Integer Multiply-Accumulate
22.500000 ns / insn
44.444444 MOPS
This test is meaningless. The addx instruction is not used and the compiler does some other arithmetic optimizations.
Float Addition
5.800000 ns / insn
172.413793 MOPS
Float Multiplication
5.800000 ns / insn
172.413793 MOPS
Float Multiply-Accumulate
9.900000 ns / insn
101.010101 MOPS
This case actually does use the madd.s instruction.
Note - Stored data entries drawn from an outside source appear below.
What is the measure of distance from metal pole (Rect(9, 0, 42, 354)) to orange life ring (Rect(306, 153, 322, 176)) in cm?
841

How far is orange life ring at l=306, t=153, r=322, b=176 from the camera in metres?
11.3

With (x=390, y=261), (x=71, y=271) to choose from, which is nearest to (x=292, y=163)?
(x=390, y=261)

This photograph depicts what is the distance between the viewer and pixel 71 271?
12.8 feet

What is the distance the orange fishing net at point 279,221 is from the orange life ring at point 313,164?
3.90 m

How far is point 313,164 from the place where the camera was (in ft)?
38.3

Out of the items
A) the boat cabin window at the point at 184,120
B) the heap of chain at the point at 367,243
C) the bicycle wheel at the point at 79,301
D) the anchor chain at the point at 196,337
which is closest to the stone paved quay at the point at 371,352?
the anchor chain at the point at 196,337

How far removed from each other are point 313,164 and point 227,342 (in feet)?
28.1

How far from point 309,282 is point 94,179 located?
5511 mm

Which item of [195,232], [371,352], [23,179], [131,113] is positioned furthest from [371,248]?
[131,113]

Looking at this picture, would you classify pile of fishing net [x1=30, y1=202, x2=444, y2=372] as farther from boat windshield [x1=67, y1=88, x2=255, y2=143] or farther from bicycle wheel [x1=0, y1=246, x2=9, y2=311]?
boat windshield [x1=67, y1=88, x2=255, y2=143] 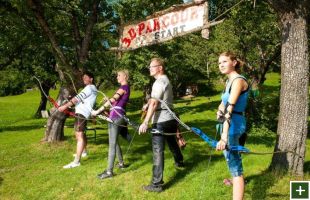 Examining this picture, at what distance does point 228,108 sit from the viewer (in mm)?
5789

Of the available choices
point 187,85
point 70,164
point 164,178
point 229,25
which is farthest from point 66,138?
point 187,85

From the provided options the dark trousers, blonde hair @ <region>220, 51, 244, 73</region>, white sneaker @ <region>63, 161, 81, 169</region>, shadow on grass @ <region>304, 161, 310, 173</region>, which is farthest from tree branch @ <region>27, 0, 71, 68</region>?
shadow on grass @ <region>304, 161, 310, 173</region>

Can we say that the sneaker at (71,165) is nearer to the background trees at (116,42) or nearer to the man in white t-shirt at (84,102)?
the man in white t-shirt at (84,102)

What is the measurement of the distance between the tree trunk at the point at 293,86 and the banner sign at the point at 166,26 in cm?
173

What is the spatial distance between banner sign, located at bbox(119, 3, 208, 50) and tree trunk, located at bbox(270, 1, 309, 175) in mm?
1730

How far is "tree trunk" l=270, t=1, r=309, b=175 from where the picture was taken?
7.79 metres

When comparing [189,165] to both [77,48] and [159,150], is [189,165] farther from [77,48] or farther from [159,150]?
[77,48]

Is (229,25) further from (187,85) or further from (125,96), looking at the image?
(187,85)

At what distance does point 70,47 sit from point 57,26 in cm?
105

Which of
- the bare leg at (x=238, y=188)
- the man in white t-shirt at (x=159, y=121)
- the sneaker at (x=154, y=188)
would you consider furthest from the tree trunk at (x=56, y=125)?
the bare leg at (x=238, y=188)

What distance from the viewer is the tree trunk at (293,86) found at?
7.79m

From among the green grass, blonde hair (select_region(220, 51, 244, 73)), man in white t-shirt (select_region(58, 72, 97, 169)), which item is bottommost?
the green grass

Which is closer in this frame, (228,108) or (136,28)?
(228,108)

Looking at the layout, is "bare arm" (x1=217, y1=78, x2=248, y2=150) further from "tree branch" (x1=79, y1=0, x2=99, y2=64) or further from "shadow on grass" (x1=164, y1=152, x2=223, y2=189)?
"tree branch" (x1=79, y1=0, x2=99, y2=64) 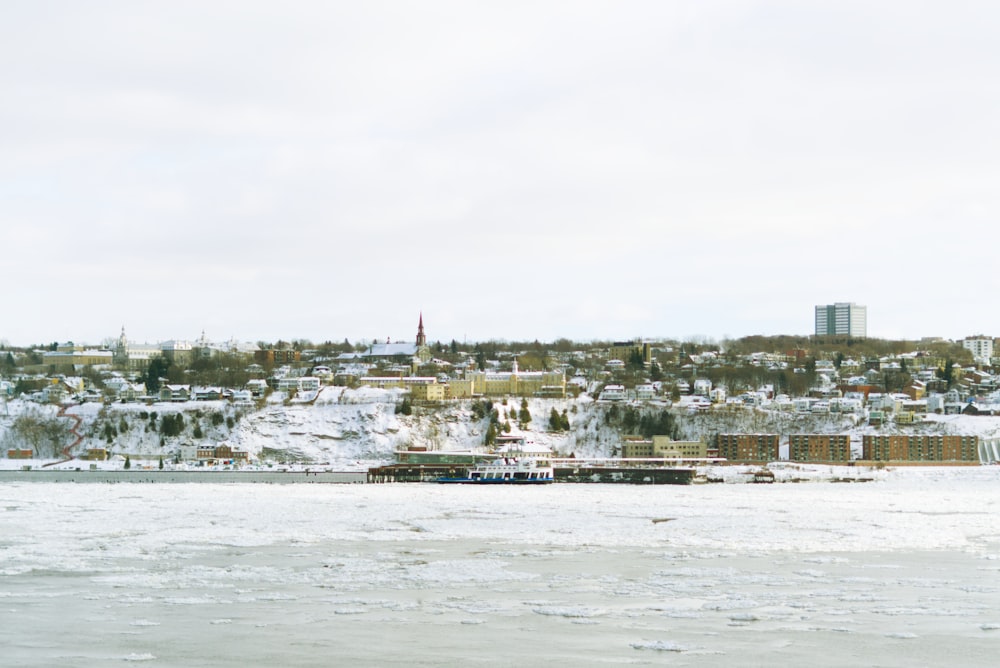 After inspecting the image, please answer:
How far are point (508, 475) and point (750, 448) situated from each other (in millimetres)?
32744

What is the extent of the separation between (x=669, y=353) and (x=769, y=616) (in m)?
156

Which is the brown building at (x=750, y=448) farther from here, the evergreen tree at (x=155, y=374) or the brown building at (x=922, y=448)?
the evergreen tree at (x=155, y=374)

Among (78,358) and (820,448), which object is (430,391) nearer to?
(820,448)

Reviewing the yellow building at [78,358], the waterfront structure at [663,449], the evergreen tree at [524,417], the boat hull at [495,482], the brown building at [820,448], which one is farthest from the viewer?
the yellow building at [78,358]

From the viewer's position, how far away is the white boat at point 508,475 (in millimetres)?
71681

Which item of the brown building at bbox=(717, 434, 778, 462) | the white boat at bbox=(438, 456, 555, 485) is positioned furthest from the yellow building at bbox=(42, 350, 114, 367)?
the white boat at bbox=(438, 456, 555, 485)

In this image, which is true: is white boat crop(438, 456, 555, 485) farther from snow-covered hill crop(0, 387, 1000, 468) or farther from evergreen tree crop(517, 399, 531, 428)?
evergreen tree crop(517, 399, 531, 428)

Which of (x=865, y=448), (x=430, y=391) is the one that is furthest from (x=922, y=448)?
(x=430, y=391)

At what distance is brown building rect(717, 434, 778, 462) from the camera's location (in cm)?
9806

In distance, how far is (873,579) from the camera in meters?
25.9

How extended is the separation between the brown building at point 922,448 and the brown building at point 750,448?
25.6 ft

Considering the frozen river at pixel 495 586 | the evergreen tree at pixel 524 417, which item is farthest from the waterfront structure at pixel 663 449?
the frozen river at pixel 495 586

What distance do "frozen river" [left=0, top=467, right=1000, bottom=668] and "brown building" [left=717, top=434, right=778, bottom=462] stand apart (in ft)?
176

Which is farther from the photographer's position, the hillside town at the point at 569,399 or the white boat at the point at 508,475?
the hillside town at the point at 569,399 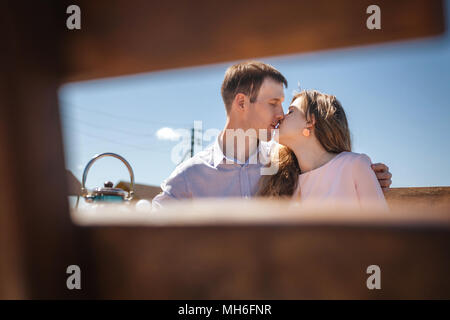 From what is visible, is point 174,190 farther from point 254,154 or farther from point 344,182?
point 344,182

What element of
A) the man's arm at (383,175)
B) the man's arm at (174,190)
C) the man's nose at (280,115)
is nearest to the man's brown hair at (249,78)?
the man's nose at (280,115)


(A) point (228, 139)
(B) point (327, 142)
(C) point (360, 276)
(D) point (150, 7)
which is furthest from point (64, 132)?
(A) point (228, 139)

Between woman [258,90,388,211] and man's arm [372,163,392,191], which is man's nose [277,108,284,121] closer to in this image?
woman [258,90,388,211]

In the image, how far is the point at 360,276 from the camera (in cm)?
24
Since there is no hardware support for double precision floating pont, there's little point in testing its performance, but just for completeness sake ...
Double Addition
246.500000 ns / insn
4.056795 MOPS
Double Multiplication
456.600000 ns / insn
2.190101 MOPS
Double Multiply-Accumulate
667.200000 ns / insn
1.498801 MOPS
Notice that this is a synthetic benchmark. It looks a little like the compiler has some issues with register allocation of larger code snippets and the actual computation gets slowed down by register moves and so on. As usual with these things, real-world performance will be lower than that, except for hand-tuned compute functions.
So yeah, hmm .. FP performance is a little low on the ESP32.